* Directions
Your answer should consist only of the lines from the line containing "1966 Ford Thunderbird 21" through the last line below, each repeated exactly.

* Supplied material
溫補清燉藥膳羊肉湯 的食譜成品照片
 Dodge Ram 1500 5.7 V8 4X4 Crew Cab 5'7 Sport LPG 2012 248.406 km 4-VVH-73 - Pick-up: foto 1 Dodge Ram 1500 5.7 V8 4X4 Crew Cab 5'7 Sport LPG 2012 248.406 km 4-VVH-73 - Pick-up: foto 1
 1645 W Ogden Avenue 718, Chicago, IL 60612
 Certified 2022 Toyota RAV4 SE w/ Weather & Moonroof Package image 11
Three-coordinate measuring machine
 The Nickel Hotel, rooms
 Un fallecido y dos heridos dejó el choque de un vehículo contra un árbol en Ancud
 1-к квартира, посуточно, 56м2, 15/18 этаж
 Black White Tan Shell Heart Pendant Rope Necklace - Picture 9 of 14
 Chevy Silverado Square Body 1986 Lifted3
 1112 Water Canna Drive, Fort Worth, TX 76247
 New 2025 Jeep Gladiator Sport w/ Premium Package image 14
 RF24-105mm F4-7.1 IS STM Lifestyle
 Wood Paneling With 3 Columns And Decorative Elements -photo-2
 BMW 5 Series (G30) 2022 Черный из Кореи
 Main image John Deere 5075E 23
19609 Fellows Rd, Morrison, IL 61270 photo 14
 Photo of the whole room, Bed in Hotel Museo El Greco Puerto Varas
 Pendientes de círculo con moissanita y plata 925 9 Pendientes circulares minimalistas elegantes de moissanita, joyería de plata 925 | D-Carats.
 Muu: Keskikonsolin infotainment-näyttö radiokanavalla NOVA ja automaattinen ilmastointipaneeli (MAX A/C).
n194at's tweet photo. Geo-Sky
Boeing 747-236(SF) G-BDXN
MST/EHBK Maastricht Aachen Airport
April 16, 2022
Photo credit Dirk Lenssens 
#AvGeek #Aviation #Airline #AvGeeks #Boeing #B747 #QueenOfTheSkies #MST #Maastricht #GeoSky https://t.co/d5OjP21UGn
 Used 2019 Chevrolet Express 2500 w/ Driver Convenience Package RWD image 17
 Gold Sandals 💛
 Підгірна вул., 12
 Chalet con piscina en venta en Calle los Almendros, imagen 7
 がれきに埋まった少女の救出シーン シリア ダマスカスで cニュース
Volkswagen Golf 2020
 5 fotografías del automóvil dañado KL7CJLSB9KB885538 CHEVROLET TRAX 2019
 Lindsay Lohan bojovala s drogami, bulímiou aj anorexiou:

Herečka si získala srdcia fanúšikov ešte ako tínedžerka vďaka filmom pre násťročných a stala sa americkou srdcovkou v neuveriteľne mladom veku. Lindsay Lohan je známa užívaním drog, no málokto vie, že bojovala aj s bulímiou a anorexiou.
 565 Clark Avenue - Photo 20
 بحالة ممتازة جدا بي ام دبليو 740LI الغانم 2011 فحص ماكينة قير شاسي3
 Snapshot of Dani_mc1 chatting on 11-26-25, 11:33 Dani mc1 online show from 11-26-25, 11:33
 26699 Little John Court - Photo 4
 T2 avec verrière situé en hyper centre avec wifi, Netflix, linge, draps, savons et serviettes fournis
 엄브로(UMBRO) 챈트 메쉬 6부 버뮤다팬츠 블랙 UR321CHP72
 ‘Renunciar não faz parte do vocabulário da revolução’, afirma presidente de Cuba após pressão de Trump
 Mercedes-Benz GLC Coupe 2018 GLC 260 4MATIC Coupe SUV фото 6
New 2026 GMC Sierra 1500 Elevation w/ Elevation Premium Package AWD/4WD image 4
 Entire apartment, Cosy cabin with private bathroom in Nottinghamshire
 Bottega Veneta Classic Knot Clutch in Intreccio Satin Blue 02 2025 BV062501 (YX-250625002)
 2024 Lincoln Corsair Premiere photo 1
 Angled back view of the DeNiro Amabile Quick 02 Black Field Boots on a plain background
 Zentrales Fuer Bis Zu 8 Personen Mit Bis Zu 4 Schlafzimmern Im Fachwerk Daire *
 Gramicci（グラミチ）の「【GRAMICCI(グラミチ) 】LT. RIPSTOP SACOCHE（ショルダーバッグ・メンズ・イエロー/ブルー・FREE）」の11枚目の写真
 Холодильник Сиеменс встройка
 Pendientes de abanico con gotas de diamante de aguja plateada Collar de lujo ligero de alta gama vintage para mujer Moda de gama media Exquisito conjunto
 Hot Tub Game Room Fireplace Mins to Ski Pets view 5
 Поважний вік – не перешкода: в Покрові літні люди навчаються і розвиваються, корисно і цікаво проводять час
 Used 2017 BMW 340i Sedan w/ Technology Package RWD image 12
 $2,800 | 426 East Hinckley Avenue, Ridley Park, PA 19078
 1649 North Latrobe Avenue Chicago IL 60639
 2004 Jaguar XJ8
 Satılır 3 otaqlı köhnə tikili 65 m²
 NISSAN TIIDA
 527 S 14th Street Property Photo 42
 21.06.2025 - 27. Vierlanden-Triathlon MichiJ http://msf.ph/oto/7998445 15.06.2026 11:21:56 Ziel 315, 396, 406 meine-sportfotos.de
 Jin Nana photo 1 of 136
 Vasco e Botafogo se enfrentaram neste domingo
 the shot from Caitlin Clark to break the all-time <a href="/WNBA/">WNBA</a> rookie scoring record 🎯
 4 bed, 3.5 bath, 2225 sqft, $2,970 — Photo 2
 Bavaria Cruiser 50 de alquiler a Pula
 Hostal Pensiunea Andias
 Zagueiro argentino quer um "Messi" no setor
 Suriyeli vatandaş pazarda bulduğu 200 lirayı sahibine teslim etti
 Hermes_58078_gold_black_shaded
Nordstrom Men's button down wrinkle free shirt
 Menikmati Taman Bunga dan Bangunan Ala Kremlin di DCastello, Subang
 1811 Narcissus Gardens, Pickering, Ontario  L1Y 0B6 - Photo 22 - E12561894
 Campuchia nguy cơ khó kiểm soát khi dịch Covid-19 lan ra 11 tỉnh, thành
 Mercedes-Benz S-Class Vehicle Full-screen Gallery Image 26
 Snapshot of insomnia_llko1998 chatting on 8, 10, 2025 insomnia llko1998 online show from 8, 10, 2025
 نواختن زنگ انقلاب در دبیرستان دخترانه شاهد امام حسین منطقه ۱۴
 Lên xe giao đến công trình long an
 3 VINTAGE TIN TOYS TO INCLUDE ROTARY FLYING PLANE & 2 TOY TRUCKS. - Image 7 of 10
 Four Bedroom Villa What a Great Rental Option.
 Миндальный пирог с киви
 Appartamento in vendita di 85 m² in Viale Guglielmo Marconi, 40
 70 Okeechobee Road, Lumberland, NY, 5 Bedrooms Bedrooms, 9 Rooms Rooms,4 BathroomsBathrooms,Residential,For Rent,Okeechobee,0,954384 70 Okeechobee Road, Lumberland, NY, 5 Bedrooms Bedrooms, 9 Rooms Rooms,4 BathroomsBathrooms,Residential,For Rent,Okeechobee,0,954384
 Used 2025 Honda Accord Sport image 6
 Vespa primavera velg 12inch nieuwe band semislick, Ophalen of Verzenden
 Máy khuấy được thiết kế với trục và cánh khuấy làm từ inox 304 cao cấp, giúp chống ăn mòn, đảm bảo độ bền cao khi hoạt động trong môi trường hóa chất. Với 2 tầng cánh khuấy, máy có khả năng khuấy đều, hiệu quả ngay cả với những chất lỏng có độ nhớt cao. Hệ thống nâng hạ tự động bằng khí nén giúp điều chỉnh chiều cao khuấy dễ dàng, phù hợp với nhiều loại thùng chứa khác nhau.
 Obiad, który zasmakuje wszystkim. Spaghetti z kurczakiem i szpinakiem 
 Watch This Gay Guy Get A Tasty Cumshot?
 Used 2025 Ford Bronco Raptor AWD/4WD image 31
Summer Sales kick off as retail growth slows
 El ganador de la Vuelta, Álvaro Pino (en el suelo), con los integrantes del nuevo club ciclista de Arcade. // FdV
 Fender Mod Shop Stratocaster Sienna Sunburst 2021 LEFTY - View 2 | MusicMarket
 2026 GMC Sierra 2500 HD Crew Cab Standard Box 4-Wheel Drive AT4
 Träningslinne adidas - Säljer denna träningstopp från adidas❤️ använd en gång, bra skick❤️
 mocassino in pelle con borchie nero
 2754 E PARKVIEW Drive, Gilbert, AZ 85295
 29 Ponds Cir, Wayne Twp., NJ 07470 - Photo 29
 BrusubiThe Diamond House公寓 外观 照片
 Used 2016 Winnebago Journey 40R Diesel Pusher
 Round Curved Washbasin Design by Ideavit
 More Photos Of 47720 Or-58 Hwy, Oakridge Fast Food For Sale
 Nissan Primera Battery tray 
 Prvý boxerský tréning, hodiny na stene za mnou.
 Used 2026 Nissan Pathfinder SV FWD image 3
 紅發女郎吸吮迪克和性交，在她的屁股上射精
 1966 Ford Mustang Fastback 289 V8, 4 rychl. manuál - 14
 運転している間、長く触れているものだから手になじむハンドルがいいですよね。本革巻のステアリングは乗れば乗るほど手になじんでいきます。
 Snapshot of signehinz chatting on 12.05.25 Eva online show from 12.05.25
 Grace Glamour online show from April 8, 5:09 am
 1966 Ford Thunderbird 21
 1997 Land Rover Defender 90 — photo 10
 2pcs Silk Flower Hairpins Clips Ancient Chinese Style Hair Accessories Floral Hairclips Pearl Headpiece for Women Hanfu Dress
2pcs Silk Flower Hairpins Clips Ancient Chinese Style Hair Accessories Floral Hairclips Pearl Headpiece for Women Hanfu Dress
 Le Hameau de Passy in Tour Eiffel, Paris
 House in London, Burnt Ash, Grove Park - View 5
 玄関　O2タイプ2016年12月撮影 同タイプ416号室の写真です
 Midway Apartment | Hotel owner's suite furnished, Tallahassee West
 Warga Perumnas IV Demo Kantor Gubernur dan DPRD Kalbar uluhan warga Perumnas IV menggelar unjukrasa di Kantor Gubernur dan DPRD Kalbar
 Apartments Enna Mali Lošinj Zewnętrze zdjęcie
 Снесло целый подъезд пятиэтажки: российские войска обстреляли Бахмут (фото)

* Result of this exercise
 1966 Ford Thunderbird 21
 1997 Land Rover Defender 90 — photo 10
 2pcs Silk Flower Hairpins Clips Ancient Chinese Style Hair Accessories Floral Hairclips Pearl Headpiece for Women Hanfu Dress
2pcs Silk Flower Hairpins Clips Ancient Chinese Style Hair Accessories Floral Hairclips Pearl Headpiece for Women Hanfu Dress
 Le Hameau de Passy in Tour Eiffel, Paris
 House in London, Burnt Ash, Grove Park - View 5
 玄関　O2タイプ2016年12月撮影 同タイプ416号室の写真です
 Midway Apartment | Hotel owner's suite furnished, Tallahassee West
 Warga Perumnas IV Demo Kantor Gubernur dan DPRD Kalbar uluhan warga Perumnas IV menggelar unjukrasa di Kantor Gubernur dan DPRD Kalbar
 Apartments Enna Mali Lošinj Zewnętrze zdjęcie
 Снесло целый подъезд пятиэтажки: российские войска обстреляли Бахмут (фото)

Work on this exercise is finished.